September 24th – November 22nd, 2021
In this exhibition, Lúcia Prancha continues her exploration of production and labor by exercising the tension between text and image as well as printed and video media. The exhibition’s original artist book, series of printed photographs, and video, were completed in 2021 as a culmination of a project the artist began in 2019 with the Los Angeles Contemporary Archive (LACA). Central to this rendition of Bread Story are a series of photographs of Roxana’s hands, which for Prancha act as a kind of portraiture. These images of hands line the walls of the space and are intimately repeated through the artist book, in this case taking form as a transparent box housing the photographs as hand-held objects, and a printed booklet of the video’s narration. The video piece brings together archival material, analog and digital photographs, and moving image. These elements are situated within a contemporary narration of Brecht’s text, which has been recorded and filmed inside a sound booth, calling attention to the system of its own production.
Bread Story, 2019-2021
Stills. Experimental video. 30’’, HDV, sound, b&w and color, 16:9.

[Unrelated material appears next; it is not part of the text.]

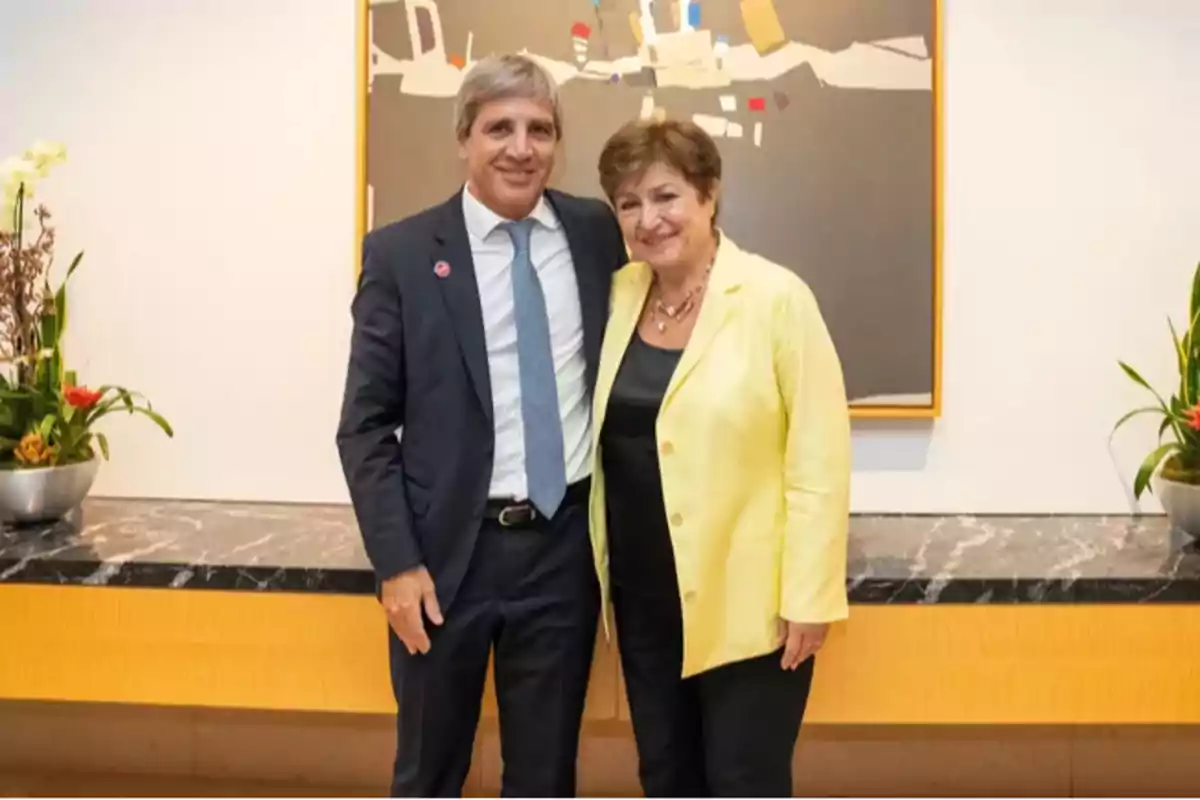 Dos personas posan sonrientes frente a una mesa de mármol negro con plantas a los costados y un cuadro abstracto en la pared.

Bread Story consists of a video, artist book, and a series of photographs. Prancha used Bertolt Brecht’s (1898–1956) original screenplay as a structure for an experimental film featuring LA based bread-worker Roxana Jullapat, while tracing an American landscape marked by the displacement and industrialization of the past century.

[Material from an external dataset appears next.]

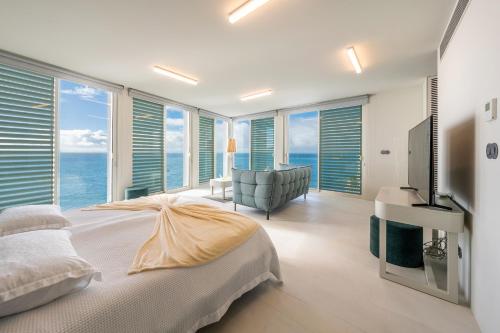 a bedroom with a bed and a room with the ocean at Barreirinha Suite Top Floor by Holiday Rental Madeira in Funchal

Roxana Jullapat was born in California but grew up in Costa Rica. She returned to the United States and learned to bake bread in Los Angeles and worked for other bakers before opening her bakery, Friends and Family, in 2017. Though born in the US, her experience growing up in Costa Rica influences her sense of production. She wakes up every morning at 3am to start baking bread and recently published a cookbook titled Mother Grains: Recipes for the Grain Revolution.
Bertolt Brecht arrived in California as an exile in December 1941 where he wrote the script for “The Bread-King Learns to Bake Bread.” This film was never produced due to the screenplay and its writer’s communist affiliations, which were actively being suppressed by the Hollywood blacklist. Brecht’s text implies questions of time, production, consumption, and mechanical and manual labor. Prancha found the Brecht text while living in Los Angeles and views it as a critique of the so-called American Consumer Society, in this case, from an immigrant’s perspective.
Exhibition view ar LACA - Los Angeles Contemporary Archive, 2019
Artist book: “Bread Story”, several elements. Dimensions variable.
The new video and artist book is based on the script “ the Bread-King Learns to Bake Bread” by Bertolt Brecht (1898–1956). Prancha found this text while living in Los Angeles as a critique of the so-called American Consumer Society, in this case, from the immigrant point of view.
Bertolt Brecht arrived in California as an exile in December 1941, he wrote the script, but it was never used. Brecht’s text implies questions of time, production, consumption, mechanical and manual labor. These materials and artist books serve as starting point to continue her exploration on the moving image, sound and text..
The artist book functions as unconventional scripts for the upcoming film exploring text and image in tension with different materials as plastic, bread, flour or yeast.
At LACA-Los Angeles Contemporary Archive, Lúcia Prancha will share her series of printed materials and sound recordings based on the script “The Bread-King Learns to Bake Bread” by Brecht.